Select Committee on Education and Skills Minutes of Evidence


Examination of Witnesses (Questions 300 - 312)

MONDAY 23 FEBRUARY 2004

MR TREVOR WALKER, MR ANDREW PEGG, MR CHRIS JONES, MR STEPHEN RATCLIFFE, MR NORMAN MACKEL AND STEPHEN ALAMBRITIS

  Q300  Jeff Ennis: I know it certainly struck a chord with local engineering companies in Doncaster who are normally not too anxious to put their hands in their pockets, but they came out with quite a substantial amount of money.

  Mr Jones: If it could demonstrate a commitment from the school side, we could match it with a commitment from our side. For more local companies that would be good. Part of the problem is where these schools are situated; they would tend only to be in select locations round the country, but I am sure they would provide a good model for us to build on.

  Mr Mackel: Anything which clarifies the focus . . . It is rather like the sector skills councils. If you can clarify your focus and then get some clarity about your objectives, what you are trying to achieve, etcetera, then you get more people buying in. If you just have a general thing, then why as an engineering company should I buy in to the local school? It does not have that kind of direct relationship with what we are trying to achieve.

  Q301  Jeff Ennis: It has been floated in the press recently that the Government intends to introduce a junior apprenticeship scheme for the 14-16-year-olds where a 14-16-year-old will spend two days a week in the workplace, another day at college and then two in the school environment. Is that the sort of direction we need to be going in terms of breaking down the barriers between the academic and the vocational route?

  Mr Walker: I should like to say that the concept is excellent, but I am not sure yet how we could handle the reality of implementing it. It could lead to great difficulties. When you think, especially after what you have heard today about the way we are spread across the United Kingdom and how we do not stay still in one place like an engineering factory, for us it is very difficult to mix and match, but the concept is superb. The other things I should just like to touch on is that as an industry we are in touch with providers about the formation of some GCSEs in construction. We found it very encouraging that we have been able to get in at the grassroots with those providers and talk quite seriously about course content. We found that a lot easier to influence at that level and get some practical issues into it, than we have done with some of the learning and skills councils, but we have bounced off the pyramid and back out again.

  Mr Mackel: Rather like the enterprise projects we mentioned earlier, this kind of opportunity which gives young people the opportunity just to taste what the world of work is about, get some feel for directions, how much it is for them, the change of disciplines, all these factors while their hormones are going at five million miles an hour, gives them at least the opportunity to think about other things and maybe get some direction about what they are trying to do.

  Q302  Mr Turner: I got the same story as Kerry did, but not from my local college of education but from my Conservative Club dinner.

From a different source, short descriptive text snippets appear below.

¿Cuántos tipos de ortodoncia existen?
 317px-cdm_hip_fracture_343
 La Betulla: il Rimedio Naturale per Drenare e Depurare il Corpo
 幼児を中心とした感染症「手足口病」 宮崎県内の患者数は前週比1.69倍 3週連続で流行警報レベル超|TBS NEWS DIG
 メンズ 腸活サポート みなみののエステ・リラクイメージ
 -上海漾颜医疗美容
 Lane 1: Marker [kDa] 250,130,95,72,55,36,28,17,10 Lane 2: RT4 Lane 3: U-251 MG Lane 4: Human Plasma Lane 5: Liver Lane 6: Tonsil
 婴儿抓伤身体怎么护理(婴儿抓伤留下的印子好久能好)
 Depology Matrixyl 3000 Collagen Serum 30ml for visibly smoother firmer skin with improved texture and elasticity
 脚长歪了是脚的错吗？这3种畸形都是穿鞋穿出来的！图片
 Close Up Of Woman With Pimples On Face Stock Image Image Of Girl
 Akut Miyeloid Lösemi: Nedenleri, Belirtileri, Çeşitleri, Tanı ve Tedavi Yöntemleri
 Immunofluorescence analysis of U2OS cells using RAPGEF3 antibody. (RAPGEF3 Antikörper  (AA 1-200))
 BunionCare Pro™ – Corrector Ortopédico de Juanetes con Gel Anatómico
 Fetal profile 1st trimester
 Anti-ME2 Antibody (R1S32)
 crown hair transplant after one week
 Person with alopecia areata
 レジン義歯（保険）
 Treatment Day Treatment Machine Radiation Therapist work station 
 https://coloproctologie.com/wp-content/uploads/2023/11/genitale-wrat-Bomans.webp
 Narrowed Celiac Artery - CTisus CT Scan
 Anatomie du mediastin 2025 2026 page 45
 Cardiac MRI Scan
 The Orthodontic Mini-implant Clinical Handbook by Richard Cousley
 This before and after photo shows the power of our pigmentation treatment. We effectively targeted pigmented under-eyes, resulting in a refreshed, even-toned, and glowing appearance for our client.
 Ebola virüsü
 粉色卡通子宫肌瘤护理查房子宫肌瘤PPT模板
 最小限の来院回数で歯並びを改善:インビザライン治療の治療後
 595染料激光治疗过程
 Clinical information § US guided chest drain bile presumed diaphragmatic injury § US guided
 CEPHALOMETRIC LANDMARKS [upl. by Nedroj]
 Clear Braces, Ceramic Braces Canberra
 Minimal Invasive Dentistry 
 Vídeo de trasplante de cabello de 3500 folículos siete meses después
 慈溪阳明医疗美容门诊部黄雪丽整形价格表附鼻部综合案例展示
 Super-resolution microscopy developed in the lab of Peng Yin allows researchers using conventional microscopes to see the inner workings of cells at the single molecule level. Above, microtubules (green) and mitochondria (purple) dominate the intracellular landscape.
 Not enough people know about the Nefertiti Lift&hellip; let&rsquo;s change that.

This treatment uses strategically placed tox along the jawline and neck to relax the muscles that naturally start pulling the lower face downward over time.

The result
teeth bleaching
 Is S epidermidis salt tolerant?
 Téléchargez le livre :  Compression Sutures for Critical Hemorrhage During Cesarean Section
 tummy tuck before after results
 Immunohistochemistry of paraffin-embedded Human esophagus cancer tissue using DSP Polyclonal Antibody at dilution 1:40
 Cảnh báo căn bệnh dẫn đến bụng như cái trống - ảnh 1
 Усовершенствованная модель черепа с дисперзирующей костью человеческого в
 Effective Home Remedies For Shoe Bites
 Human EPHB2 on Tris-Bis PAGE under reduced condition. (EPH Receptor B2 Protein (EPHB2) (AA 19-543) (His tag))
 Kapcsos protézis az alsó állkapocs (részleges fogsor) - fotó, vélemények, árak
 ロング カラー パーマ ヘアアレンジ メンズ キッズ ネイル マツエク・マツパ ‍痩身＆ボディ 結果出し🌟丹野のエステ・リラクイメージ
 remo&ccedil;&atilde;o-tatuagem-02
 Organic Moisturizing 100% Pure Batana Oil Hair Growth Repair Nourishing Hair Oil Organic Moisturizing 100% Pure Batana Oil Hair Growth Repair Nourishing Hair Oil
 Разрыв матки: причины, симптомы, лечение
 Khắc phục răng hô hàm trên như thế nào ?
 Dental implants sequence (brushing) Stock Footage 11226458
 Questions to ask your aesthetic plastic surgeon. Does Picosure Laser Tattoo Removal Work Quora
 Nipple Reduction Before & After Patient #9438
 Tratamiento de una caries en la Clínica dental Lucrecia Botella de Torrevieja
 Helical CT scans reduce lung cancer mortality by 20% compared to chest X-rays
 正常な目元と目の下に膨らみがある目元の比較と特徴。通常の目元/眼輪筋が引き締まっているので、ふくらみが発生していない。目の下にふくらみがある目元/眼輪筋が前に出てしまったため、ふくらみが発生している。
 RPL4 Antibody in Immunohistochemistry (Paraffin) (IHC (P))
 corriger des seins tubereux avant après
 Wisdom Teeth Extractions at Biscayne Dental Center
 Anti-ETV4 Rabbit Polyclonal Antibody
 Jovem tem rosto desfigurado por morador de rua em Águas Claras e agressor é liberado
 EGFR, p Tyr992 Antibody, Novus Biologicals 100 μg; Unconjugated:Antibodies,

People are having difficulty placing plumbing students after their first year at college and on the Isle of Wight it is not a question of them operating 100 miles away, it is that they do not feel the investment is going to be repaid. When Robert asked his question about this, he got two rather different answers from the larger employers and the smaller employers, because Stephen suggested that there was no great problem over this, but you, Norman, did suggest, as has been my experience, that small businesses really feel they are not getting their investment repaid. Does the size of the business make a genuine difference? Is that the reason?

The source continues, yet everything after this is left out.